Wow, Jack. Short term memory loss?



jackmccullough March 4th said:


> ... it's pretty contemptible to blame the messenger ...


----------



## jackmccullough (May 10, 2006)

I'm not blaming anyone. I'm just surprised to hear that PETA is your kind of guys. Or, as I said before, maybe you really do subscribe to the values that lead to their views on Gore.

Did they say anything about Bush, by the way?


----------



## BertieW (Jan 17, 2006)

So are you suggesting that PETA sets the debate terms for global warming? What /are/ you saying?

How does the position of a group that many here consider extreme to the point of labeling terrorist (I don't agree) discredit the (perhaps imperfect) efforts of Gore?

And I say that having not eaten an animal since 1994.



ksinc said:


> PETA TO AL GORE: YOU CAN'T BE A MEAT-EATING ENVIRONMENTALIST
> Tue Mar 06 2007 17:08:05 ET
> 
> https://www.drudgereport.com/flash2.htm
> ...


----------



## Kav (Jun 19, 2005)

'The enemy of my enemy is my friend' I think it is in this spirit that ksinc is posting. Politics is a circus full of Jan's hated clowns and mimes. The audience can hardly be as true to the code as Chuck Norris when the cremepies and water balloons start flying. Laurel and Hardy maybe, Chuck,no.


----------



## Kav (Jun 19, 2005)

Bertie, for shame! Millions of sentient, unique and created by God critters in your intestinal tract die converting those soy shakes, bananna and peanut butter on 7 grain bread sandwiches daily. They do so without complaint, redress or representation. And theres not a statue ( cough) or even a plaque ( cough) at the farmer's co op to honour them. But this ( cough) is the (cough) business we choose.


----------



## ksinc (May 30, 2005)

jackmccullough said:


> I'm not blaming anyone. *I'm just surprised to hear that PETA is your kind of guys.* Or, as I said before, maybe you really do subscribe to the values that lead to their views on Gore.


Where did you "hear" that?


----------



## ksinc (May 30, 2005)

BertieW said:


> So are you suggesting that PETA sets the debate terms for global warming? What /are/ you saying?


No. I didn't suggest/say anything. You're really out there, Bertie.



BertieW said:


> How does the position of a group that many here consider extreme to the point of labeling terrorist (I don't agree) discredit the (perhaps imperfect) efforts of Gore?

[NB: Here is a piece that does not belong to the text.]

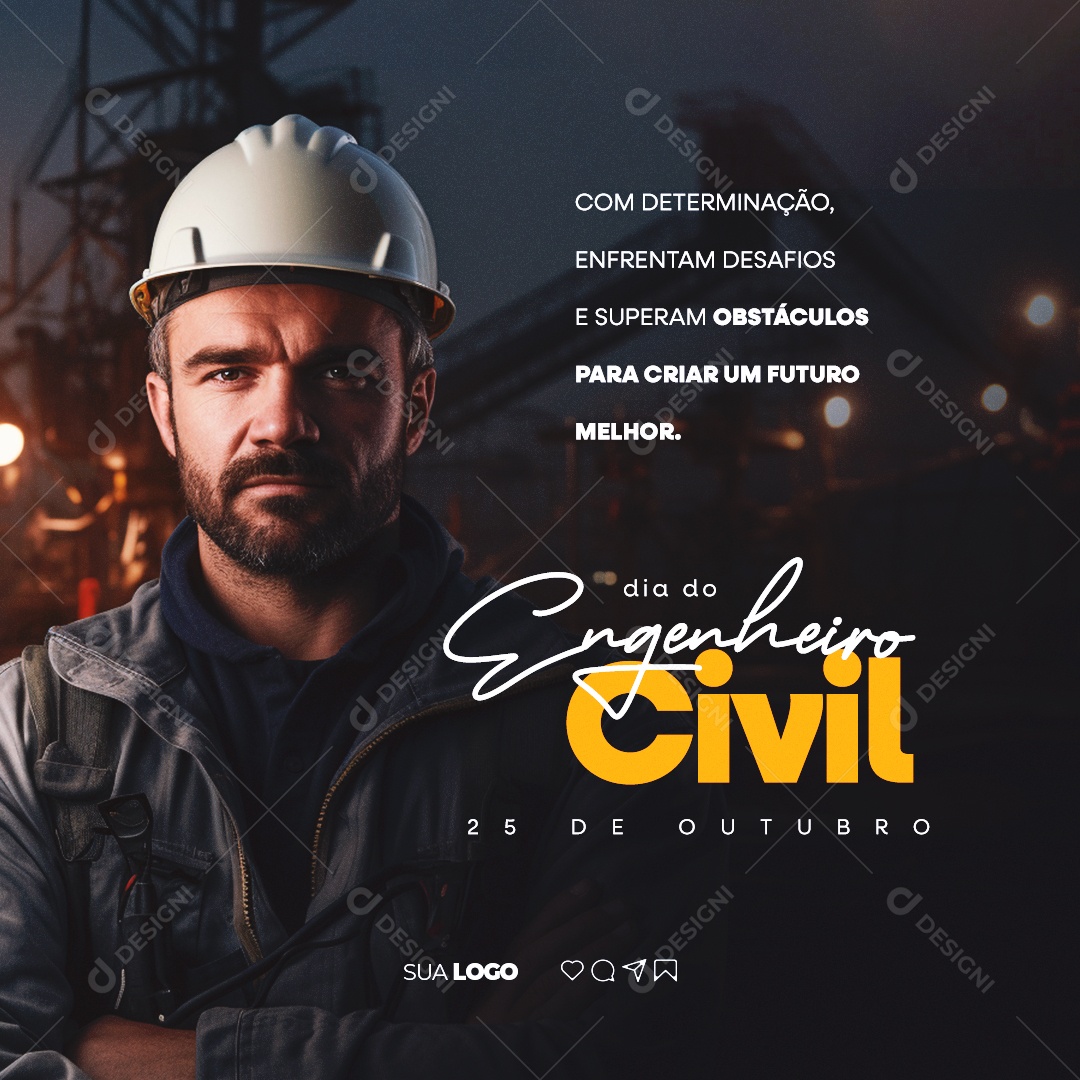 Dia do Engenheiro Civil Com Determinação Enfrentam Desafios e Superam Obstáculos Social media PSD Editável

Huh? Maybe you can provide the answer to your own question.


----------



## Wayfarer (Mar 19, 2006)

Gentlemen:

Ksinc has given us an interesting article to read. I find attacks and innuendos against him for providing this to be disrespectful and clearly attempts at nothing but inciting a flame war. Does anyone disagree with the article's point as that is the only valid issue here. Dragging Bush in is a straw man and the disrespectful snide comments directed at ksnic are merely chafe. Does anyone have data to introduce that would indicate PETA is incorrect?


----------



## Lushington (Jul 12, 2006)

Wayfarer said:


> Gentlemen:
> Does anyone have data to introduce that would indicate PETA is incorrect?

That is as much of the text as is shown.